Project description:DNA nanotechnology enables the programmed synthesis of intricate nanometer-scale structures for diverse applications in materials and biological science. Precise control over the 3D solution shape and mechanical flexibility of target designs is important to achieve desired functionality. Because experimental validation of designed nanostructures is time-consuming and cost-intensive, predictive physical models of nanostructure shape and flexibility have the capacity to enhance dramatically the design process. Here, we significantly extend and experimentally validate a computational modeling framework for DNA origami previously presented as CanDo [Castro,C.E., Kilchherr,F., Kim,D.-N., Shiao,E.L., Wauer,T., Wortmann,P., Bathe,M., Dietz,H. (2011) A primer to scaffolded DNA origami.
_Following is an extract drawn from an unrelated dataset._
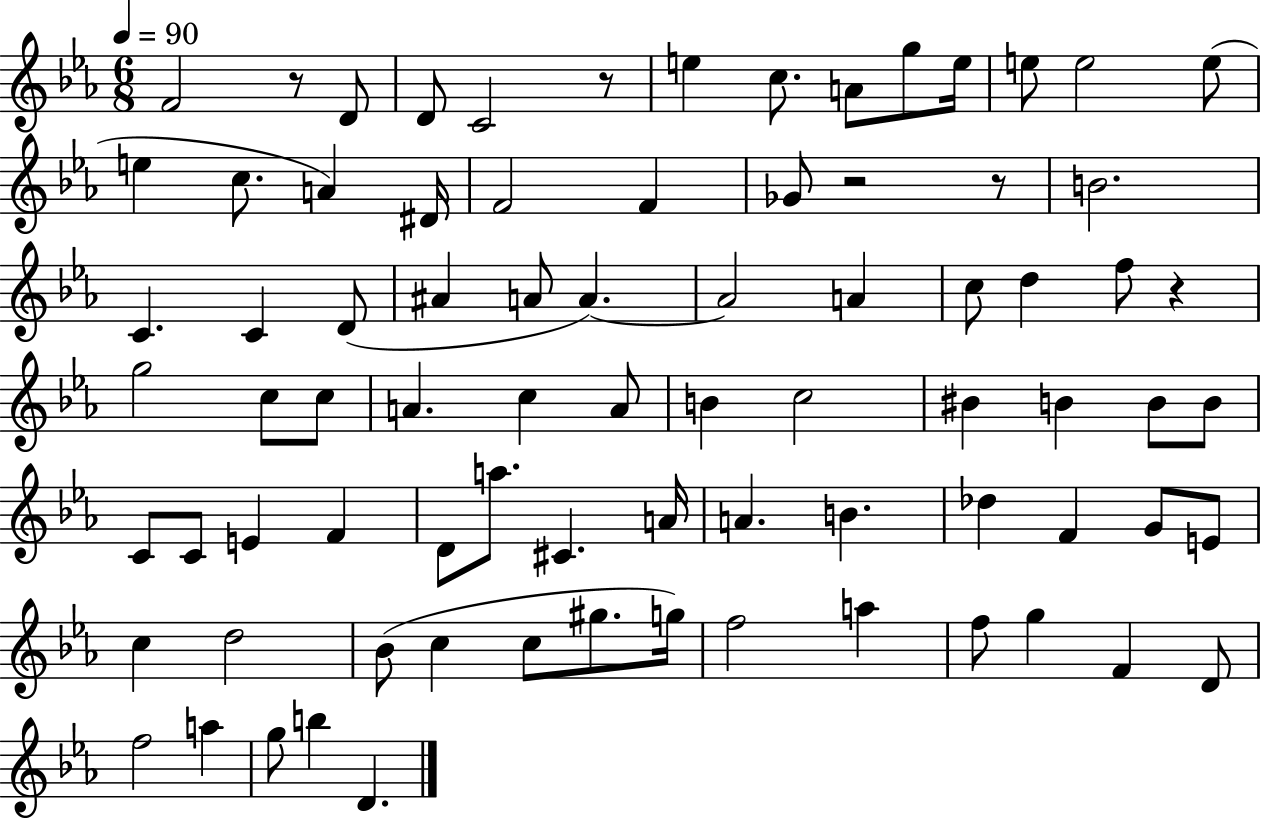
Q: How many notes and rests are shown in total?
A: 80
Nat. Meth., 8, 221-229.]. 3D solution shape and flexibility are predicted from basepair connectivity maps now accounting for nicks in the DNA double helix, entropic elasticity of single-stranded DNA, and distant crossovers required to model wireframe structures, in addition to previous modeling (Castro,C.E., et al.) that accounted only for the canonical twist, bend and stretch stiffness of double-helical DNA domains. Systematic experimental validation of nanostructure flexibility mediated by internal crossover density probed using a 32-helix DNA bundle demonstrates for the first time that our model not only predicts the 3D solution shape of complex DNA nanostructures but also their mechanical flexibility. Thus, our model represents an important advance in the quantitative understanding of DNA-based nanostructure shape and flexibility, and we anticipate that this model will increase significantly the number and variety of synthetic nanostructures designed using nucleic acids.